The World Bank Groups’ Board of Executive Directors today approved US$ 100 million in additional financing from the International Development Association (IDA) Crisis Response Window (CRW) to the Productive Safety Net Project 4 (PSNP 4). The funds will help support the Government of Ethiopia’s (GoE) efforts to respond to the ongoing drought.
Ethiopia is experiencing the worst drought in fifty years. The Government issued a humanitarian appeal in December 2015 seeking international assistance for the drought response. The effects of the drought are concentrated in already poor areas and are pushing poor people deeper into poverty. Over eighteen million people currently require emergency support as a result of the drought, although an ongoing assessment will determine the extent of this need until December 2016.
“PSNP is providing regular cash or food transfers to eight million of the poorest people in those areas which are most often hit by drought,” said Carolyn Turk, Country Director for Ethiopia. “The additional support will prevent millions of households from falling deeper into poverty, as a result of the drought.”
PSNP is helping Ethiopia to further reduce extreme poverty and promote shared prosperity by strengthening the resilience of the poorest households to natural shocks. The additional financing will help ensure that the poorest people in drought affected area continue to receive reliable support from the Government through to the next harvest – a period when food needs are often most acute.
“This additional financing will allow the program to extend the duration of safety net support to existing beneficiaries. It is also delivered through national systems, which are the first line of define against shocks, such as drought, in Ethiopia,” said Sarah Coll-Black, World Bank Task Team Leader for the project.
The PSNP4 is implemented in 318 districts in Ethiopia, reaching 8 million food insecure people per year and includes a total budget of approximately US$3.6 billion from the government and 11 development partners including the United Kingdom’s Department for International Development, Irish Aid, the European Union, Canadian International Development Agency, Swedish International Development Agency, the Netherlands, Danish International Development Agency, the United States Agency for International Development, UN Children’s Fund, the World Food Program and the World Bank.

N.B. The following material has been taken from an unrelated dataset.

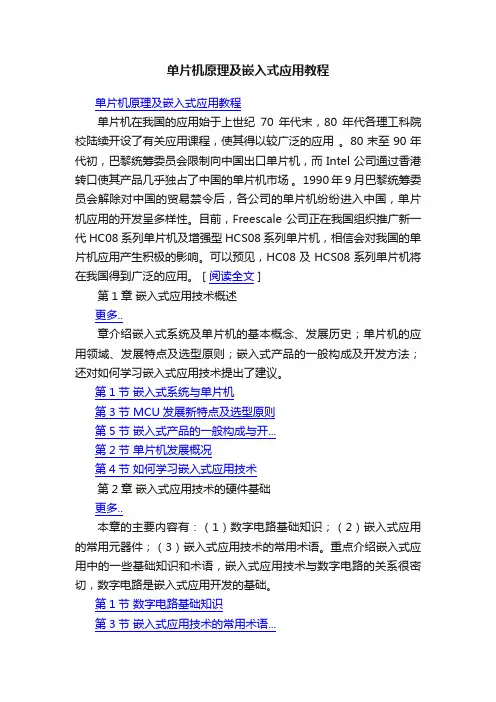 单片机原理及嵌入式应用教程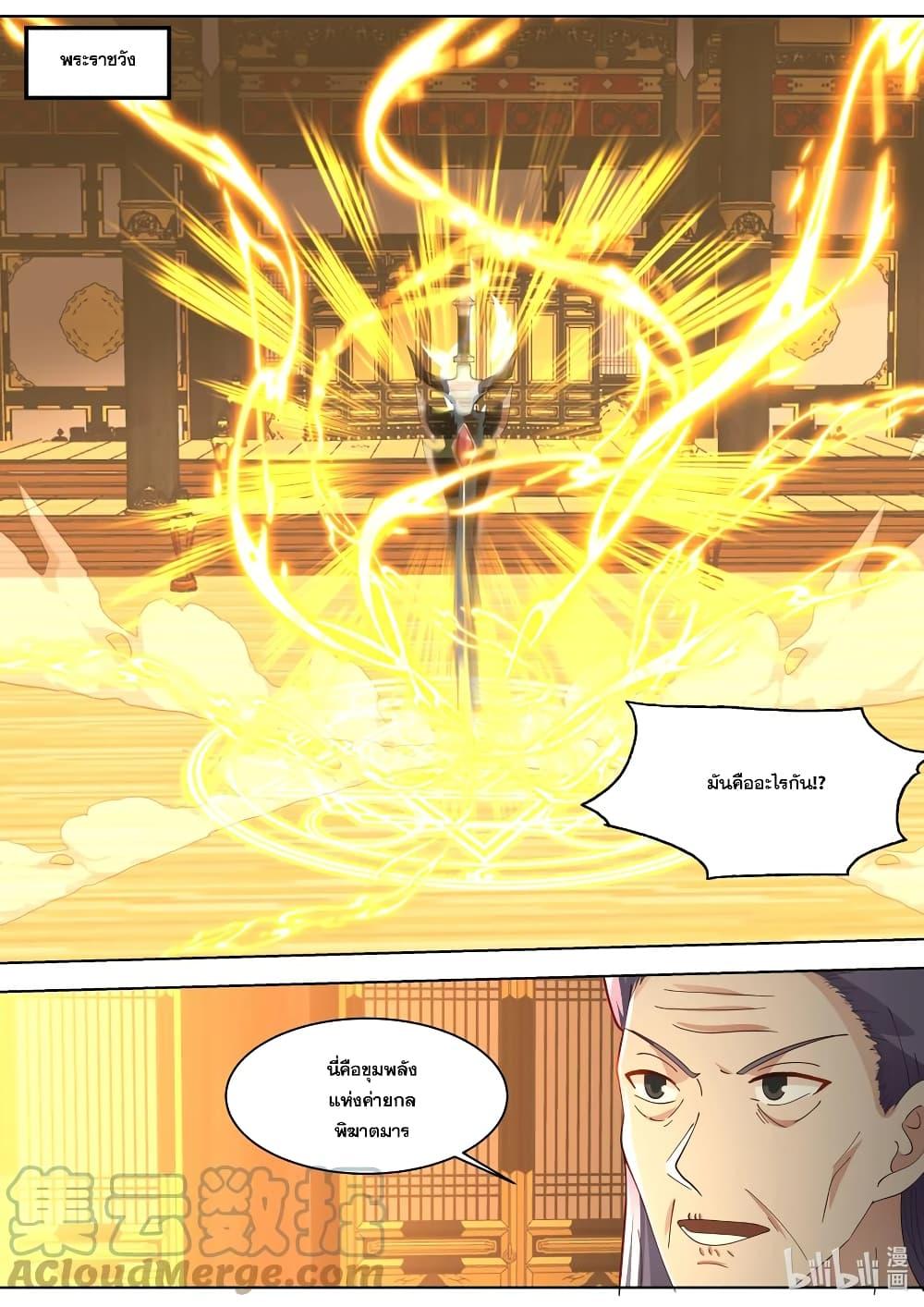Manga-lc-com อ่านมังงะ อ่านการ์ตูน ออนไลน์ ฟรี Martial God Asura ตอนที่ 1 2 3 4 5 6 7 8 9 10 11 12 13 14 ฟรี ไม่มีโฆษณา Manga-lc - อ่าน มังงะ อ่าน การ์ตูน ออนไลน์ อ่านมังงะ ฟรี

*The World Bank’s International Development Association (IDA), established in 1960, and helps the world’s poorest countries by providing grants and low to zero-interest loans for projects and programs that boost economic growth, reduce poverty, and improve poor people’s lives. IDA is one of the largest sources of assistance for the world’s 77 poorest countries, 39 of which are in Africa. Resources from IDA bring positive change to the 1.3 billion people who live in IDA countries. Since 1960, IDA has supported development work in 112 countries. Annual commitments have averaged about $19 billion over the last three years, with about 50 percent going to Africa.